El primero es alguien que emocionado le dice (como también Pedro dirá que no lo negará nunca) que lo seguirá a dónde quiera que vaya. Y Jesús da una respuesta dura: los zorros y los pájaros tienen más hogar que él mismo. Ese hogar que es tranquilidad y seguridad, abrigo y calor, defensa y cobijo. Jesús carece de todo ello, no tiene siquiera un lugar donde reclinar su cabeza. Es cierto que Jesús no era un asceta, pero también es cierto que carecía de esas zonas «seguras» y descanso donde poder refugiarse de las inclemencias de los seres humanos, de los cansancios y de las decepciones. No es el lugar físico (habitaba en casas como lo hacemos nosotros) sino el estar siempre abierto a las «molestias» (quizá mejor «anhelos») de los demás. Jesús es esencialmente excéntrico: fuera del centro de sí mismo o con otro centro distinto a sí mismo.
El segundo personaje recibe la propuesta de seguimiento de parte del mismo Jesús. Pero este le contesta con una urgencia, con un deber sagrado: «Deja primero ir a enterrar a mi padre». Y Jesús excéntrico, en este caso extravagante, le responde que los muertos entierren a sus muertos y que lo primero es anunciar el Reino de Dios. Una oposición entre muerte y Reino, una urgencia desmedida e ilógica porque se impone la prisa de un tiempo que ya está vencido y acabado. Es el Jesús más apocalíptico (entendiéndolo como creencia de que los tiempos son terminados y de que Dios ya está en la historia agotándola y cumpliéndola). Es el Jesús del tiempo del Padre que es capaz de pronunciar las Bienaventuranzas y de hacer todo lo que hizo porque ya no hay más que tiempo de Dios. Es esa confianza plena en que el que va a completar todo sin dilación es Dios, aquí y ahora. Por eso la muerte ya no tiene cabida porque el Reino de la vida está presente.

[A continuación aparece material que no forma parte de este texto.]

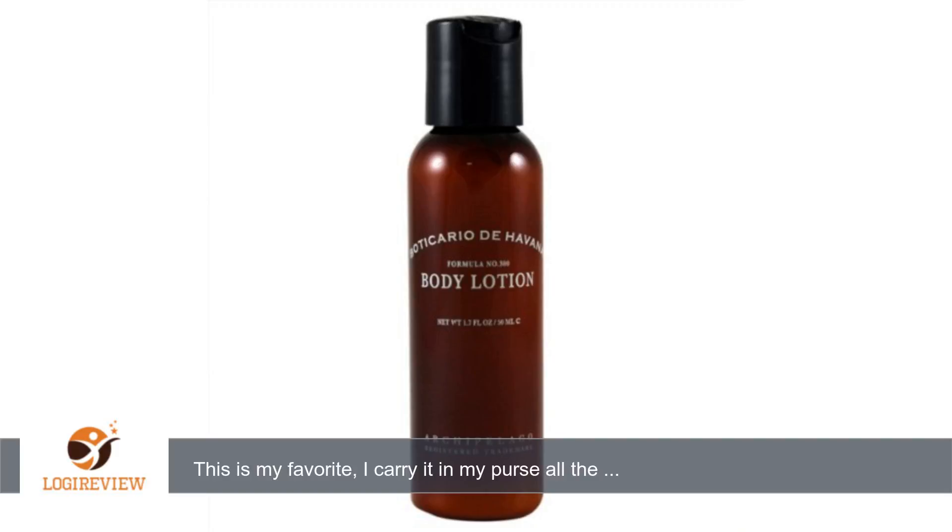Hello, welcome to Best Reviews at YouTube. This item has a rating of 5.0 out of 5 stars. A customer wrote: this is my favorite, I carry it in my purse all the time — such a breath of fresh air.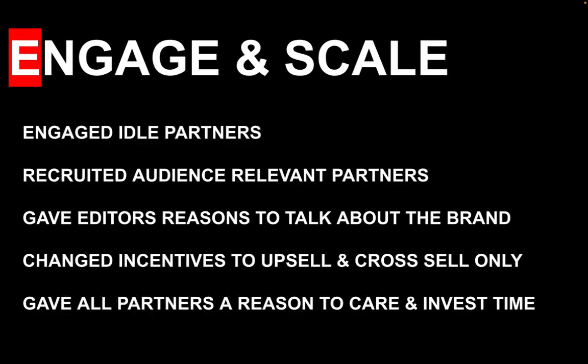So how did we do it? We got existing idle partners to care and become sale-active. We recruited new partners that could reach relevant audiences. We spoke to partners daily and gave them constant talking points to help them practically create content.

Y el tercer personaje que le dice que quiere seguirle le pone la condición de ir a despedirse de su familia. Otro deber lógico, algo que nadie se plantea como imposible. Pero Jesús le responde que no se puede mirar atrás y arar al mismo tiempo. No es la renuncia por la renuncia, ni el desamor o el desapego frío y cómodo. Si en algo cree Jesús es en el amor. Es, otra vez, la urgencia de lo que no se puede posponer porque no depende de los cálculos de nuestras vidas sino de un Dios que ya está actuando en un Reino desconcertante.
Estos tres dichos de seguimiento muchas veces fueron empleados (y lo son) como refugio descontextualizado de desapegos fríos y cómodos bajo capa de piedad, si se toman sin la razón que los provoca: ese Reino que ya está aquí y que es de Dios, de su urgencia en el anuncio, de esa excentricidad en el olvido de uno mismo en favor de los demás. Y lo que es fundamental, un Reino que es entrega incondicional y amorosa a los otros, no recovecos de autosuficiencia o autocomplacencia, de regodearse en lo que se dejó como trofeo a exhibir. No es dejar, es el ciento por uno de una entrega que es regalo que no mide ni exige reciprocidad. Es, una vez más, desbordamiento de Dios en los demás.
La vida religiosa en España necesita encontrarse con espacios de radical evangelio y tiempos de radical oración y celebración para vivir el Amor de Dios fraterno.